AB<-read.xlsx("C:/AB_DNA_Tag_Numbers.xlsx",1)

but I get the error:

 Error in .jnew("java/io/FileInputStream", file) : 
  java.io.FileNotFoundException: C:\AB_DNA_Tag_Numbers.xlsx (The system cannot find the file specified)

Thank you.

joran
  • 169,992
  • 32
  • 429
  • 468
nolyugo
  • 1,451
  • 3
  • 12
  • 12
  • 4
    How many times are you doing this? If just once, it's almost always best to use Excel to export to a more open format, like `.csv`. – Ari B. Friedman Aug 13 '11 at 08:09
  • gsk3: Yes, or Google Docs, which has had Excel 2007 import support since '09: http://www.google.com/support/forum/p/Google%20Docs/thread?tid=143b9e598d8de9b5&hl=en (Hopefully by now it works well.) – Benjamin Atkin Aug 13 '11 at 08:15
  • 6
    What version of R is this? What operating system? What version of read.xlsx? Have you read the posting guide? – Spacedman Aug 13 '11 at 10:00
  • 2
    Can you explain how this question is different from http://stackoverflow.com/questions/6099243/read-an-excel-file-directly-from-a-r-script/6099497#6099497 – Chase Aug 13 '11 at 13:36
  • I have upgraded to 2.13.1, windows XP, xlsx 0.3.0, I don't know why the error keeps coming up..... Error in .jnew("java/io/FileInputStream", file) : java.io.FileNotFoundException: C:\AB_DNA_Tag_Numbers.xlsx (The system cannot find the file specified) – nolyugo Aug 13 '11 at 18:52
  • @Chase I guess the main difference is that the OP wants to read .xlsx files, the new format used by MS Excel. – Gavin Simpson Aug 13 '11 at 20:18
  • 9
    You have checked that R is actually able to find the file, e.g. `file.exists("C:/AB_DNA_Tag_Numbers.xlsx")` ? – Ben Bolker Aug 14 '11 at 23:05

16 Answers16

117

For a solution that is free of fiddly external dependencies*, there is now readxl:

The readxl package makes it easy to get data out of Excel and into R. Compared to many of the existing packages (e.g. gdata, xlsx, xlsReadWrite) readxl has no external dependencies so it's easy to install and use on all operating systems. It is designed to work with tabular data stored in a single sheet.

Readxl supports both the legacy .xls format and the modern xml-based .xlsx format. .xls support is made possible the with libxls C library, which abstracts away many of the complexities of the underlying binary format. To parse .xlsx, we use the RapidXML C++ library.
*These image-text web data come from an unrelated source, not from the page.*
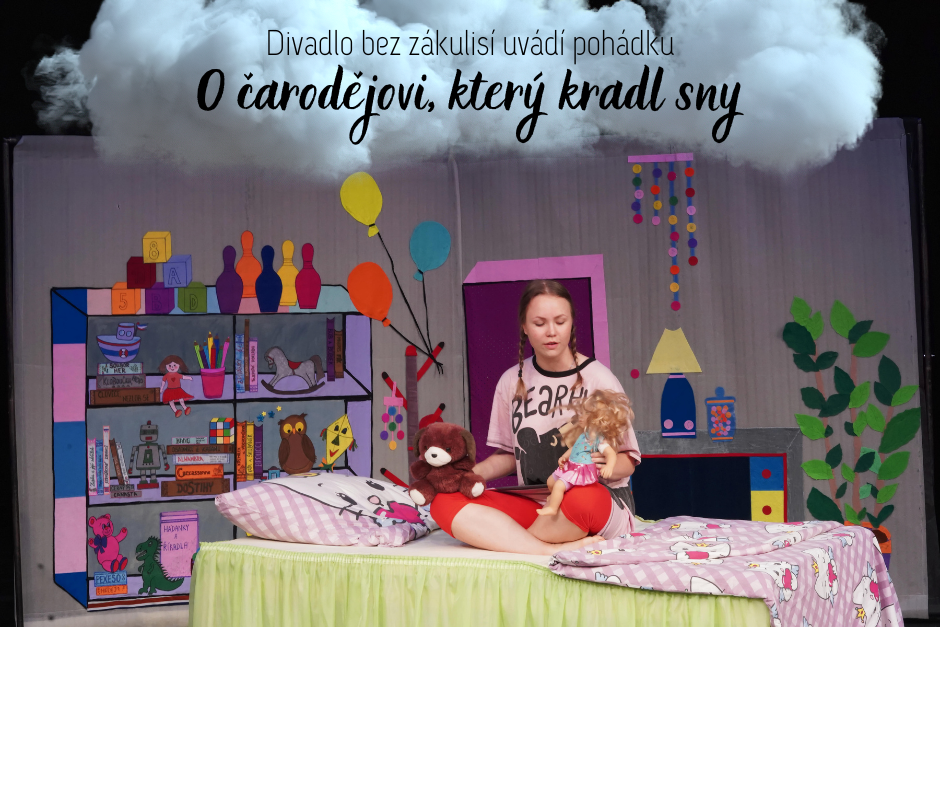 O čarodějovi, který kradl sny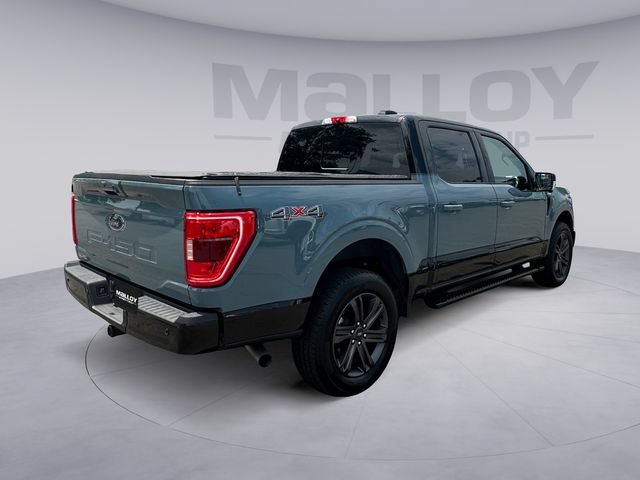 Certified 2023 Ford F150 XLT w/ Equipment Group 302A High AWD/4WD image 5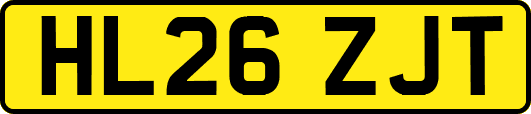 HL26ZJT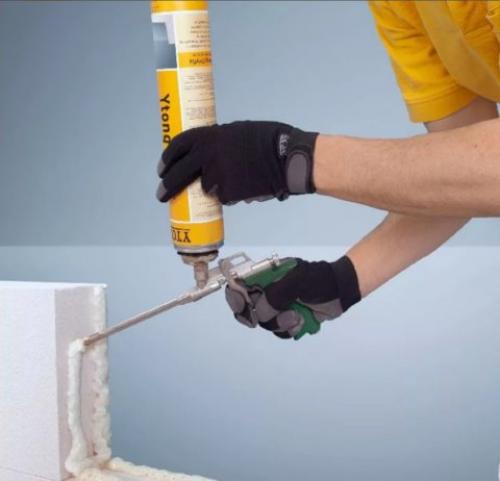 Кладка газобетонных блоков. Как правильно вести кладку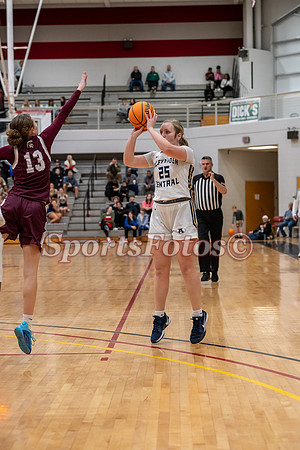 South Caldwell vs Alexander Central Girls-104
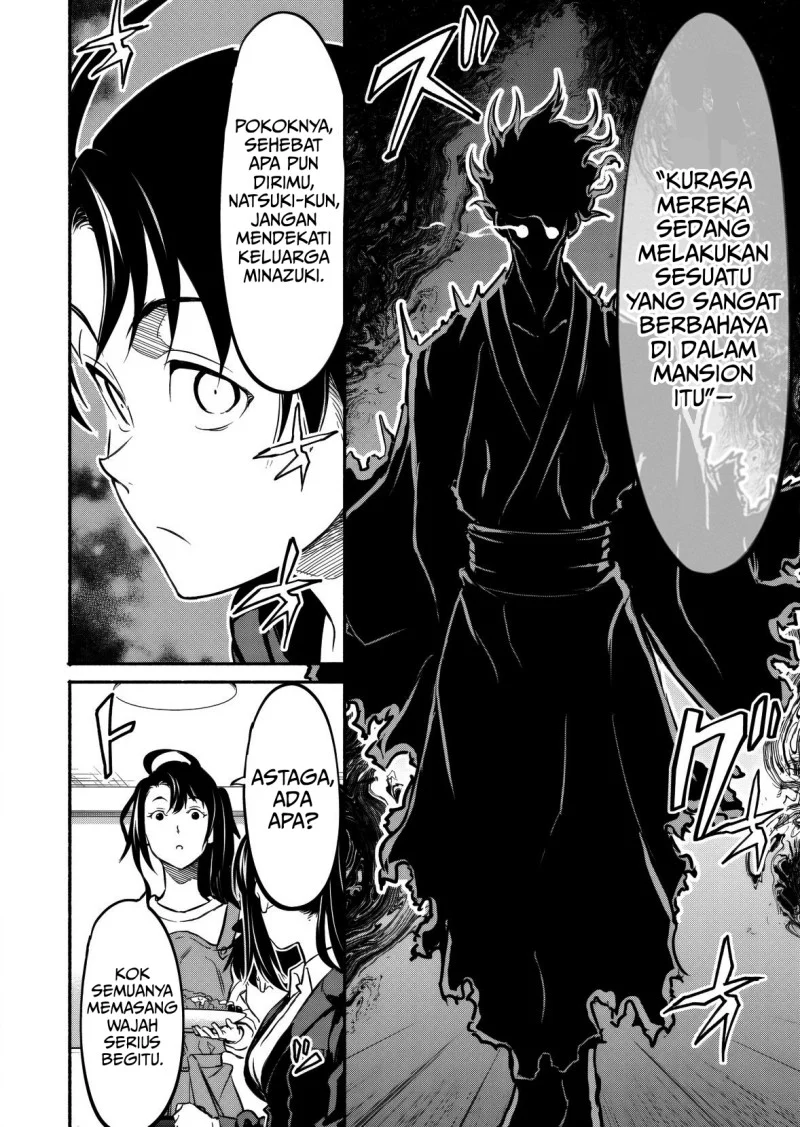 Isekai kara Kikan Shitara Chikyuu mo Kanari Fantajii Deshita. Ato, Makeheroin-domo Kocchi Minna Chapter 7 Gambar 24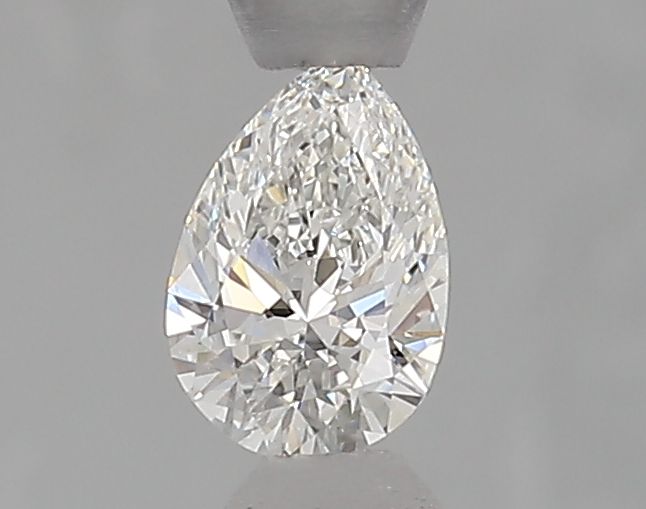 0.33 ct Pear diamond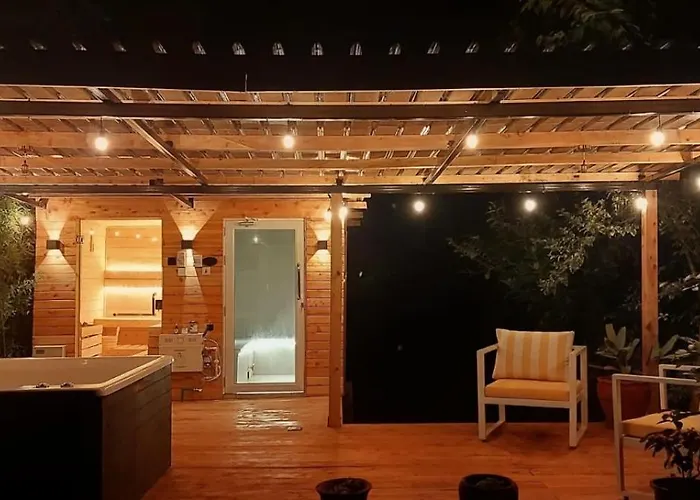Barnhouse Cottage - Sauna & Steam Bath - In Tigoni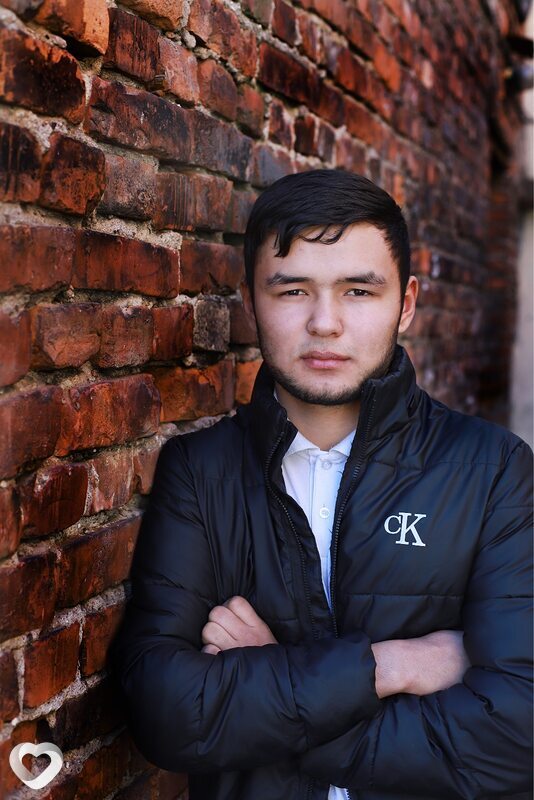 Шамсиддин, 20, Санкт-Петербурге — анкета №3354232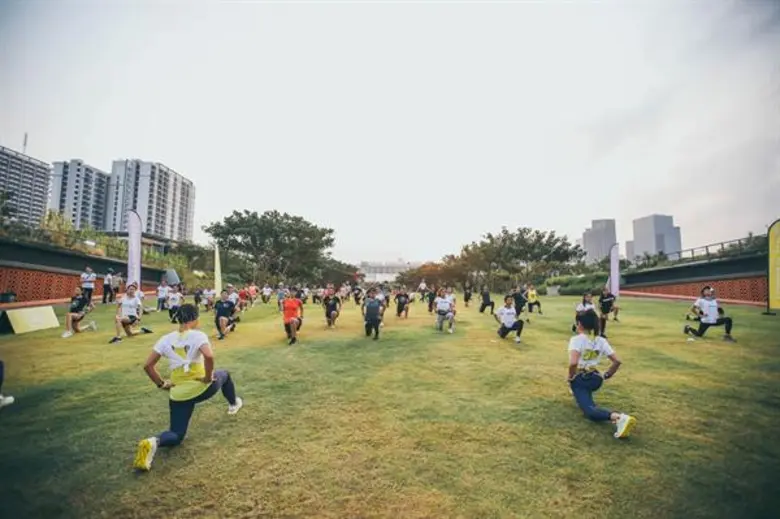 อาดิดาส จัดงานวิ่ง Run to Reconnect ฉลองเปิดตัวคอลเลคชั่น FOCUSBREATHEIN ส่งเสริมการคืนความสดชื่นให้กับร่างกายและจิตใจผ่านการกำหนดลมหายใจ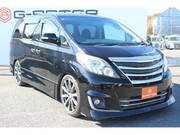 2013 TOYOTA ALPHARD 240S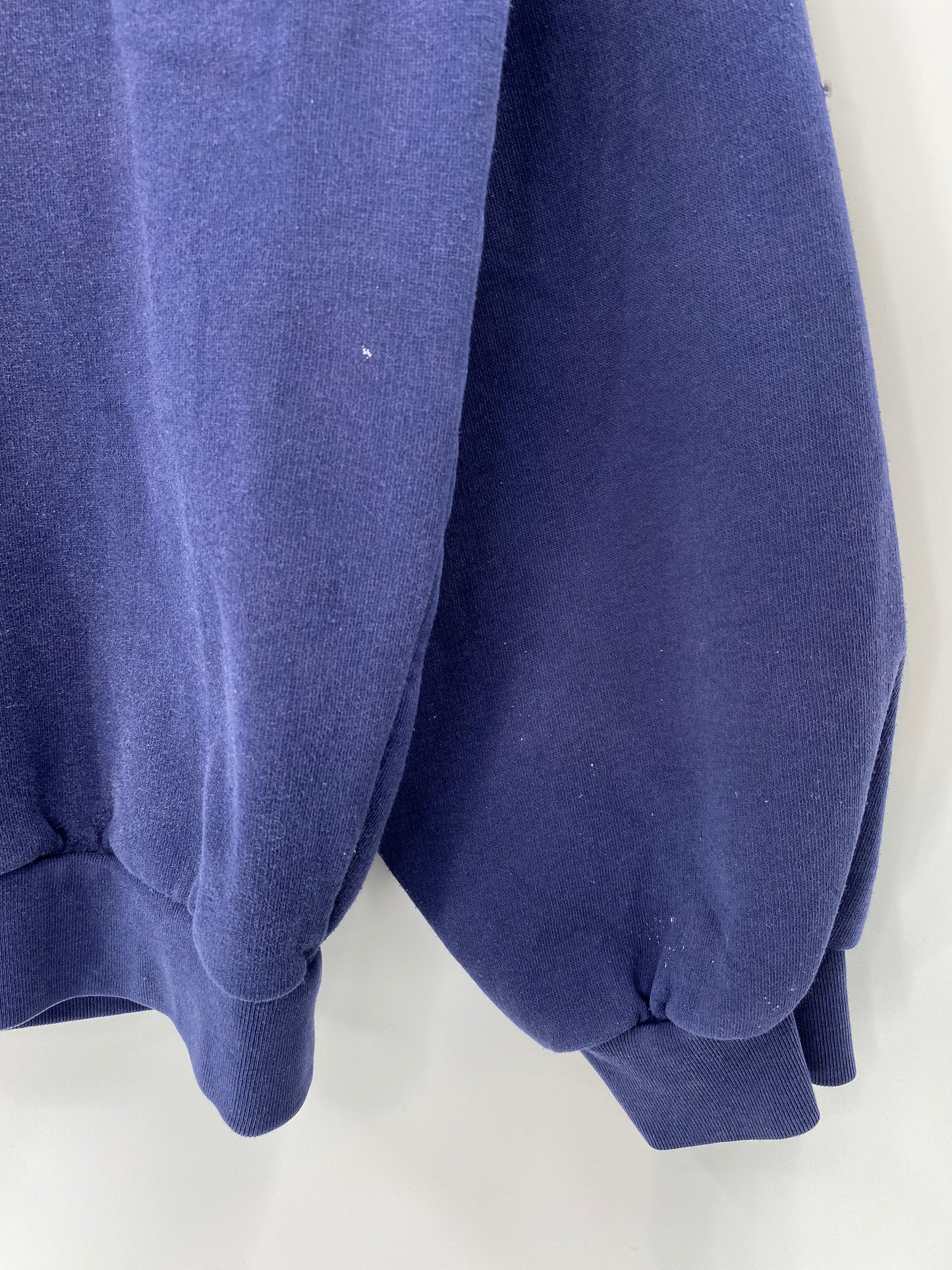 Vintage NIKE ATHLETICS Size No Tag (approx.L) Sweat-shirt / 9653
It can be installed like so:

install.packages("readxl") # CRAN version

or

devtools::install_github("hadley/readxl") # development version

Usage

library(readxl)

# read_excel reads both xls and xlsx files
read_excel("my-old-spreadsheet.xls")
read_excel("my-new-spreadsheet.xlsx")

# Specify sheet with a number or name
read_excel("my-spreadsheet.xls", sheet = "data")
read_excel("my-spreadsheet.xls", sheet = 2)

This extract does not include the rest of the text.